- _Task requirements_
A letter-for-letter copy of the listing is required, with no pictures in it.

- _Information shown_
· · ·

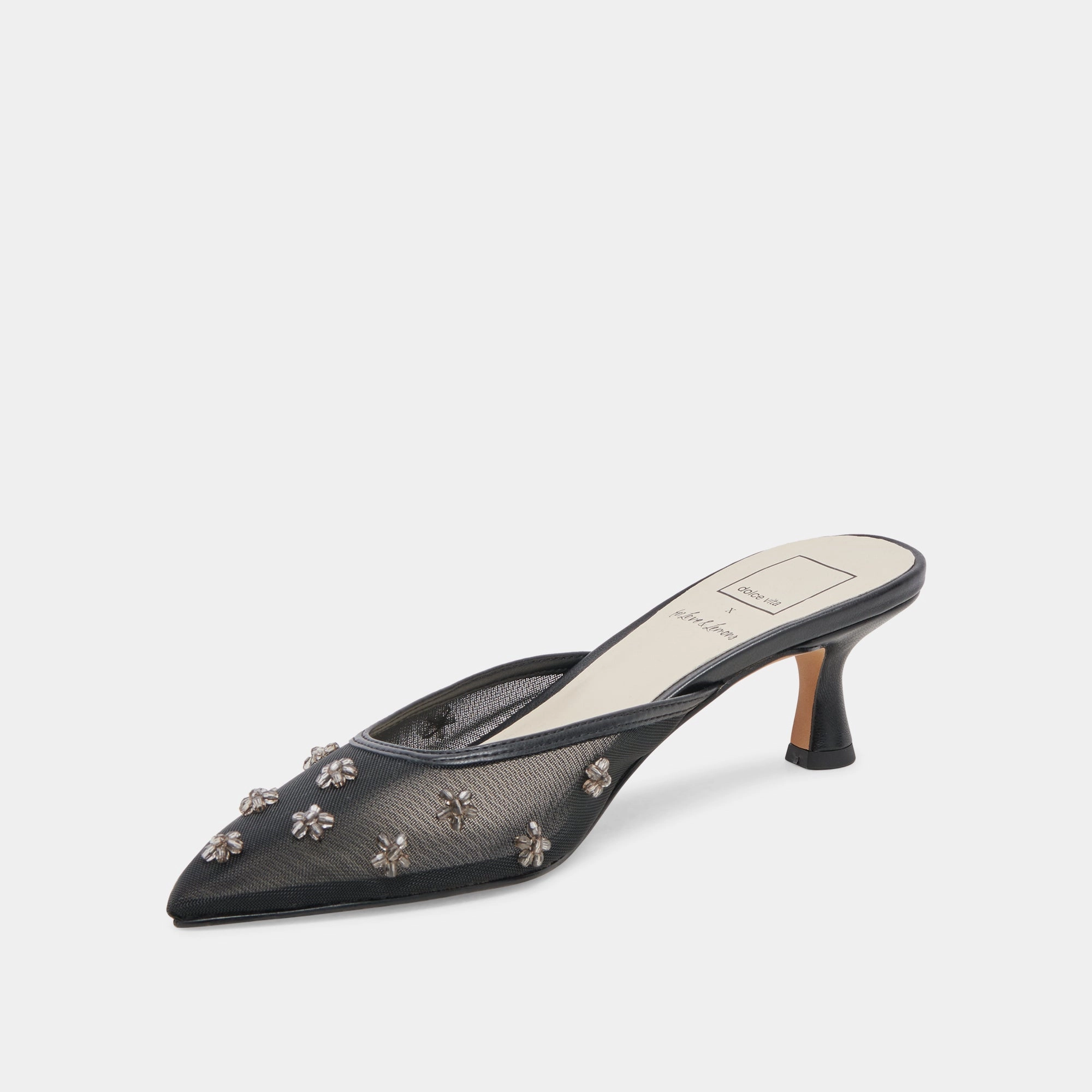 CLAIRE HEELS BLACK MESH - re:vita Width Heels Pumps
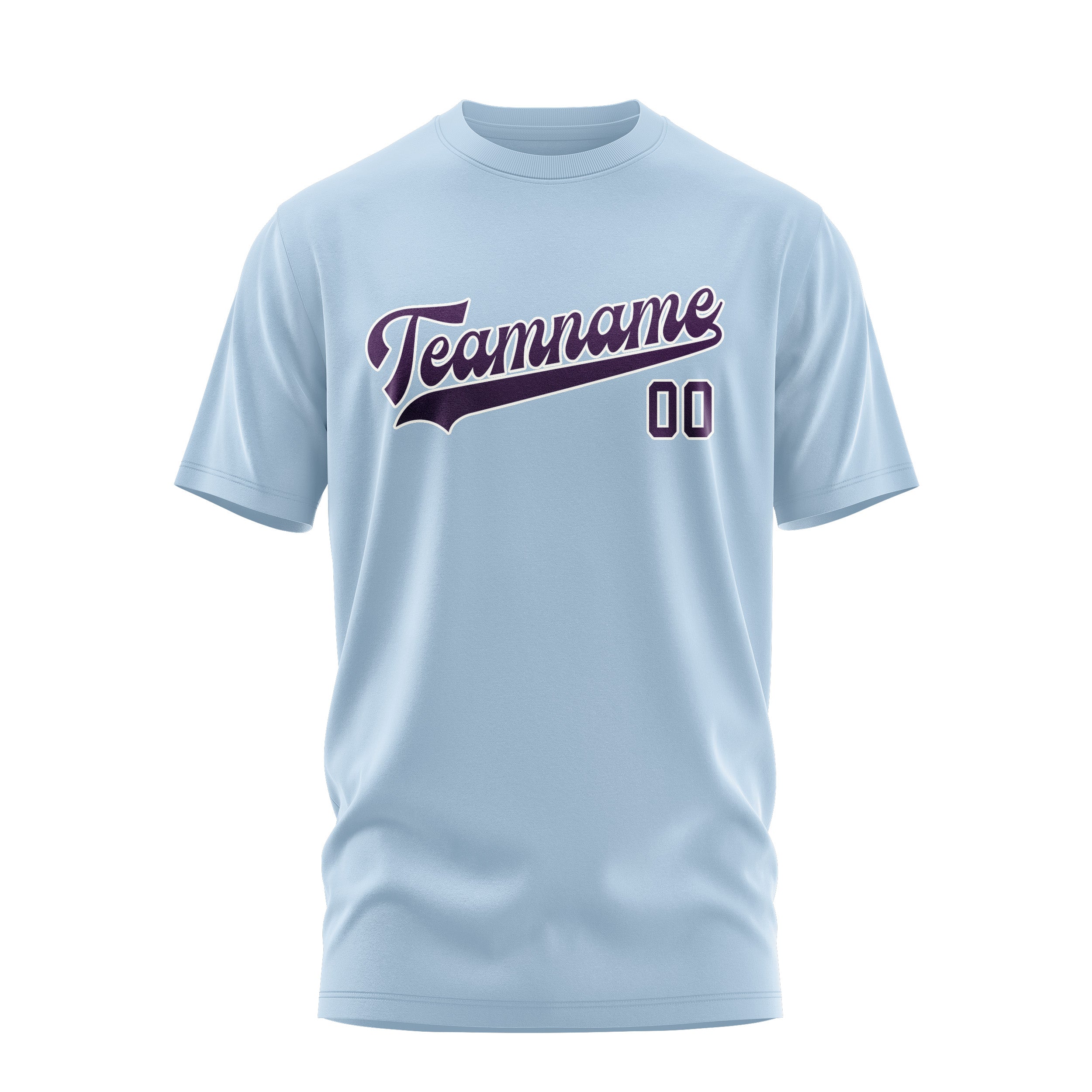 Maßgeschneidertes Hellblau Lila T-Shirt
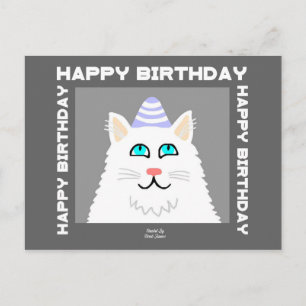 Postal de natalidad Fluffy White Cat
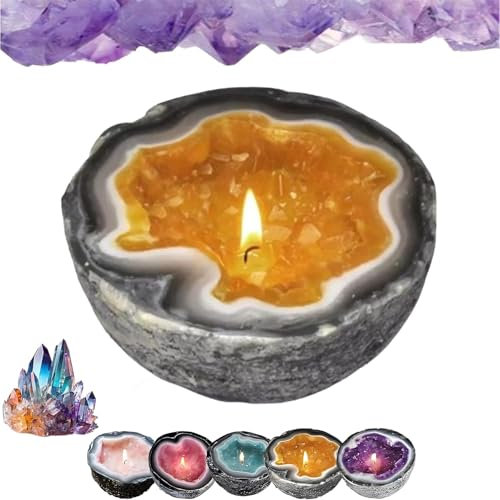 OUDIOHAI Crystal Geode Candle, Absichts Skristall Energiekerze, Kerzenbehälter, Kunstharz Kunsthandwerk, Lustige Kerzenschalen Ornament, Weihnachten Geschenk, Dekorative Wohnaccessoires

· · ·

- _Problem solution_
 CLAIRE HEELS BLACK MESH - re:vita Width Heels Pumps
 Maßgeschneidertes Hellblau Lila T-Shirt
 Postal de natalidad Fluffy White Cat
 OUDIOHAI Crystal Geode Candle, Absichts Skristall Energiekerze, Kerzenbehälter, Kunstharz Kunsthandwerk, Lustige Kerzenschalen Ornament, Weihnachten Geschenk, Dekorative Wohnaccessoires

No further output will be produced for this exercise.